PS3-06: HOW DOES WORK CONTEXT INFLUENCE HELPING BEHAVIOURS IN INTERDISCIPLINARY SURGICAL TEAMS? A MULTIDISCIPLINARY PERSPECTIVE.
Erin Kennedy, RNEC, PHCNP, PhDc1, Chris Watling, MD, PhD1, Sayra Cristancho, PhD1, Lorelei Lingard, PhD1, Roberto Hernandez-Alejandro2, Jeanna Parsons-Leigh, PhD1; 1The University of Western Ontario, 2The University of Rochester Medical Center
Background: In surgical environments, work is and must be variable and flexible, requiring practitioners to recognize what they don’t know and seek help when required. Given that much of care delivery occurs within teams, how surgeons navigate the complexity of collaborative care whilst attending to their own knowledge/skill gaps can be difficult. Recent research on the help seeking practices of expert surgeons suggests that help seeking is a complex phenomenon: when and how help seeking unfolds depends on organizational culture and social relations among colleagues. This work has offered insight into how and why individual surgeons seek help in the face of clinical challenges, but it has not yet considered the influence of a clinical team on the help seeking phenomenon.. Our study aims to understand how work context influences collaborative team functionality in surgery with respect to helping behaviours.
Methods: We conducted 3 observations and 13 semi-structured interviews with participants from transplant teams. Following constructivist grounded theory methodology, data collection and inductive analysis were conducted iteratively. This methodology was selected for its ability to explore complex social processes such as helping behaviors and to use sensitizing concepts including collective competence, systems thinking and psychological safety.
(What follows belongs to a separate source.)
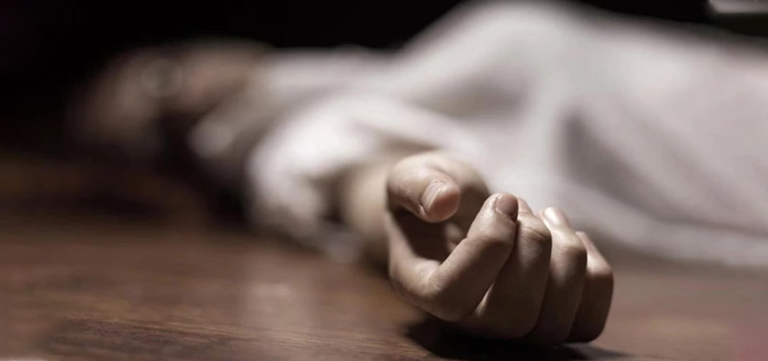 Indian Doctors Protest Nationwide Over Colleague's Murder, Rape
Results: We found several intersecting features of workplace context that promoted or inhibited helping engagement in surgical teams. These contextual features included: 1) structure of the physical and hierarchical environment, 2) workplace diversity, 3) institutional support for risk taking/innovation, 4) strength of relationships, and 5) perception of a “speak-up” culture.
Conclusion: If we desire to create and support surgical teams that effectively and safely deliver high quality care, we must consider the individual attributes as well as the work context in which individuals and teams are situated. Traditionally, literature has focused on the individual with respect to helping engagement. Our study offers clear targets for institutional and organizational change that would more effectively support helping behaviours required to ensure safer, high quality care.